▶ _EXERCISE DETAILS_
Output the listing word for word, minus pictures.

▶ _INPUT_

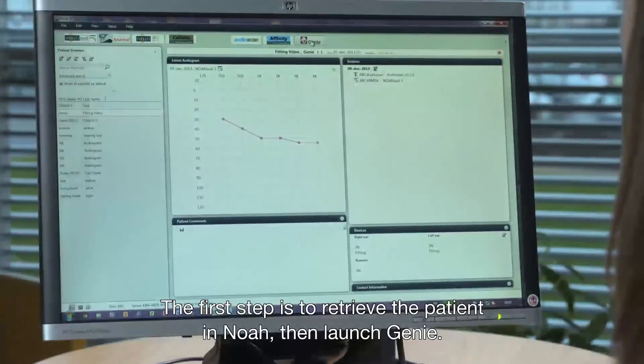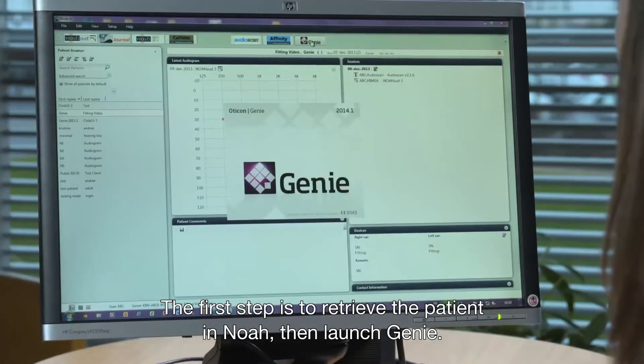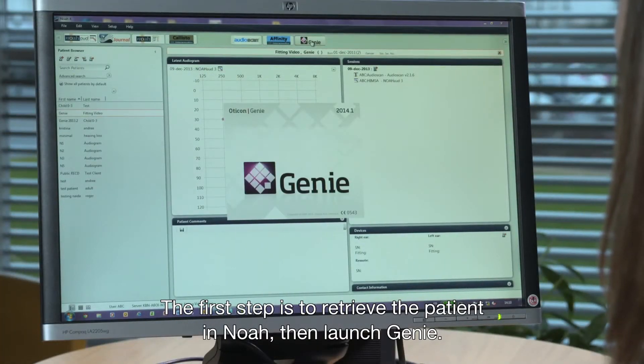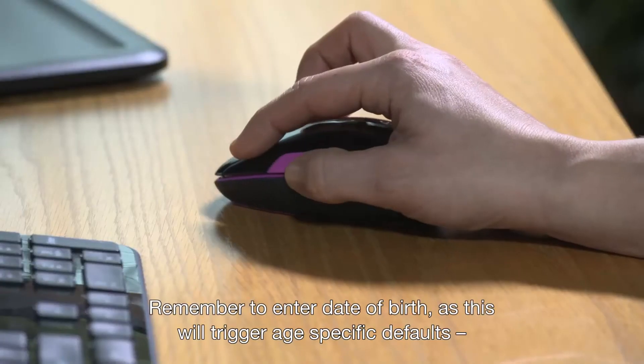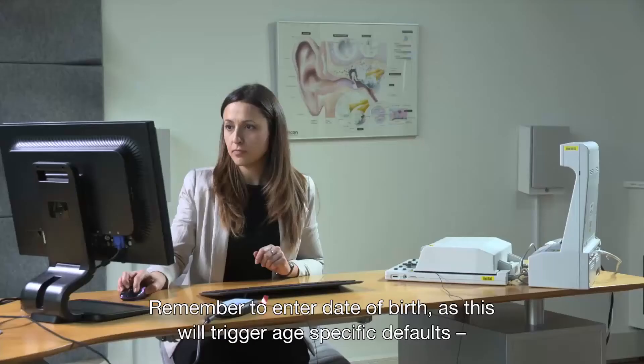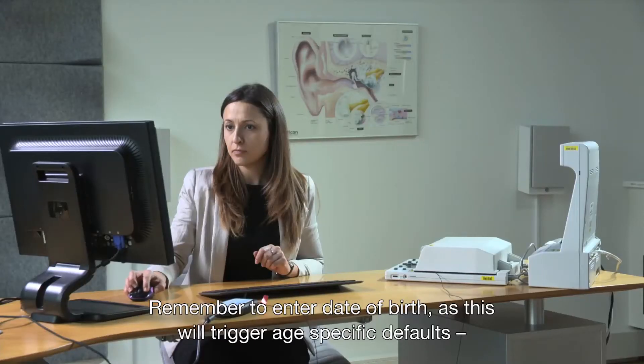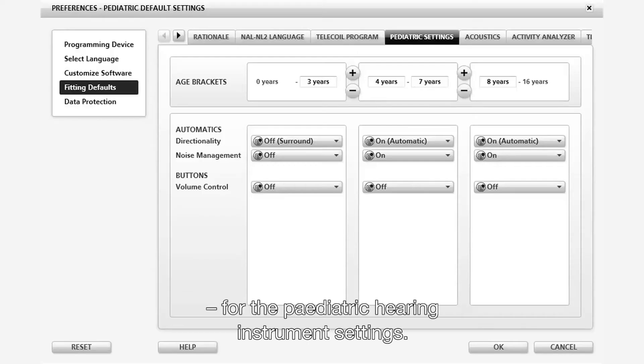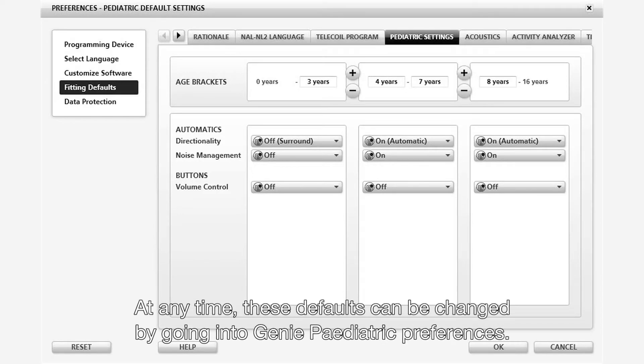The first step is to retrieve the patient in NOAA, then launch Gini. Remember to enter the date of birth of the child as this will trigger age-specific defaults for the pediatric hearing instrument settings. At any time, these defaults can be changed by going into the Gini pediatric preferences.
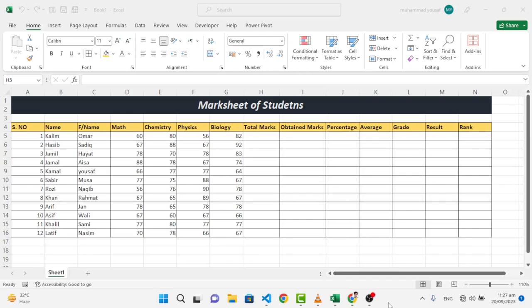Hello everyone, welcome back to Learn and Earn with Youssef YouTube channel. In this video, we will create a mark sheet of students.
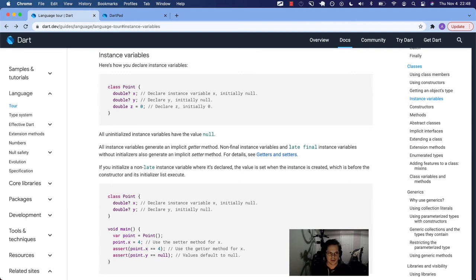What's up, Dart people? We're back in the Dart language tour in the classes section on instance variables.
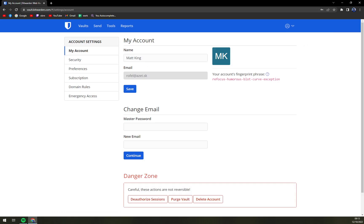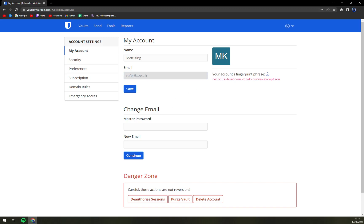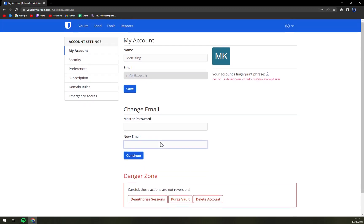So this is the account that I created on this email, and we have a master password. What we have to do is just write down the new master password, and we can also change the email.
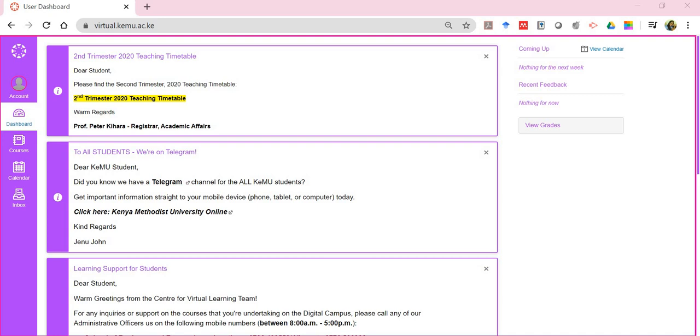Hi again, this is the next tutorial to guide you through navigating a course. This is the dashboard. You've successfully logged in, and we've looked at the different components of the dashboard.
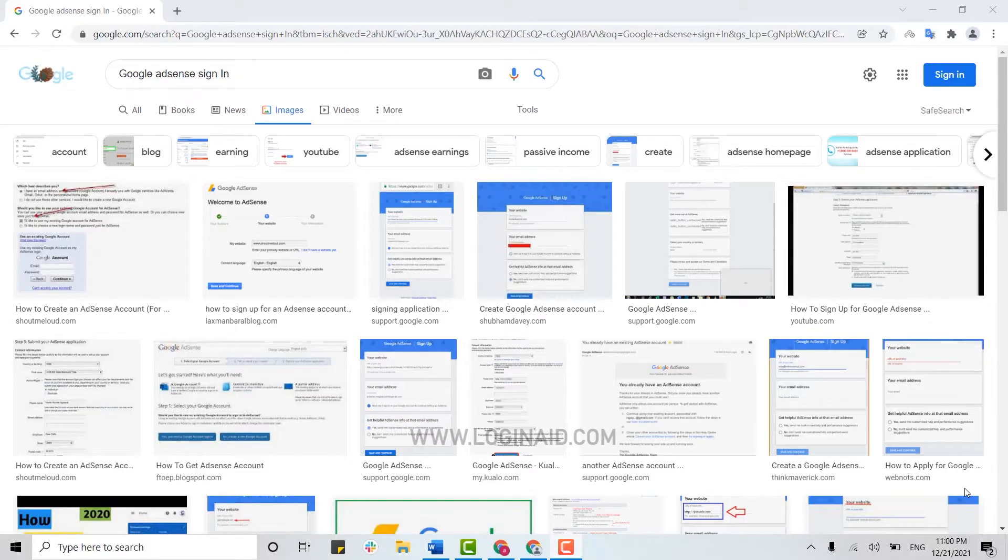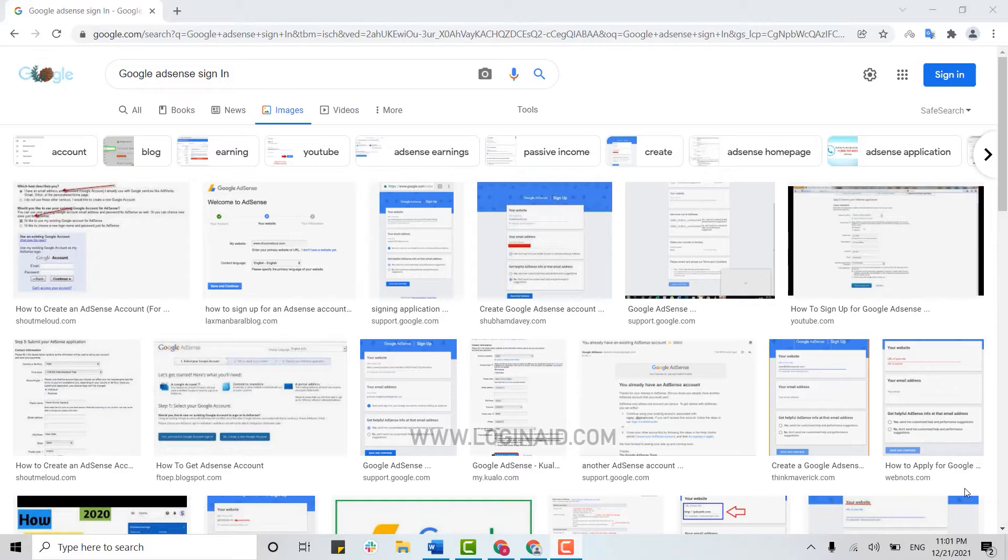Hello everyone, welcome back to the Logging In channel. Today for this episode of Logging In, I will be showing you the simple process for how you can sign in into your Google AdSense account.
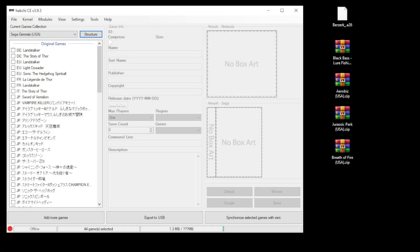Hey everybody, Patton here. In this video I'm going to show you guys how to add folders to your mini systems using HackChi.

▶ _TASK ANSWER_
The first step is to retrieve the patient in NOAA, then launch Gini. Remember to enter the date of birth of the child as this will trigger age-specific defaults for the pediatric hearing instrument settings. At any time, these defaults can be changed by going into the Gini pediatric preferences.
Hello everyone, welcome back to Learn and Earn with Youssef YouTube channel. In this video, we will create a mark sheet of students.
What's up, Dart people? We're back in the Dart language tour in the classes section on instance variables.
So this is the account that I created on this email, and we have a master password. What we have to do is just write down the new master password, and we can also change the email.
Hi again, this is the next tutorial to guide you through navigating a course. This is the dashboard. You've successfully logged in, and we've looked at the different components of the dashboard.
Hello everyone, welcome back to the Logging In channel. Today for this episode of Logging In, I will be showing you the simple process for how you can sign in into your Google AdSense account.
Hey everybody, Patton here. In this video I'm going to show you guys how to add folders to your mini systems using HackChi.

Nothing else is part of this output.